BEGIN Entries provided
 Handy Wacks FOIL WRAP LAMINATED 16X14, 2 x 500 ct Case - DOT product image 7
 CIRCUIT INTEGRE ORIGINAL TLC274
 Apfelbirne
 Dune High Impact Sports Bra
END Entries provided
BEGIN Entries provided
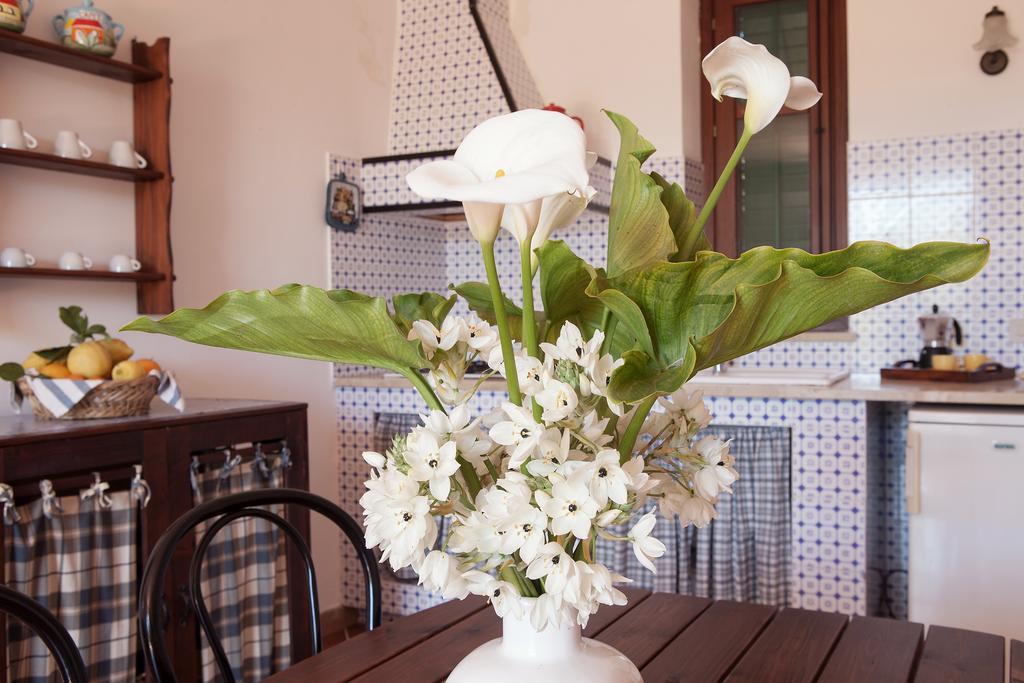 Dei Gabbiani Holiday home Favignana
END Entries provided
About this exercise: Starting with the line above that holds "Handy Wacks FOIL" and stopping with the line that holds "Dune High Impact Sports Bra", reproduce each line exactly, omitting all other lines.

Problem solution:
 Handy Wacks FOIL WRAP LAMINATED 16X14, 2 x 500 ct Case - DOT product image 7
 CIRCUIT INTEGRE ORIGINAL TLC274
 Apfelbirne
 Dune High Impact Sports Bra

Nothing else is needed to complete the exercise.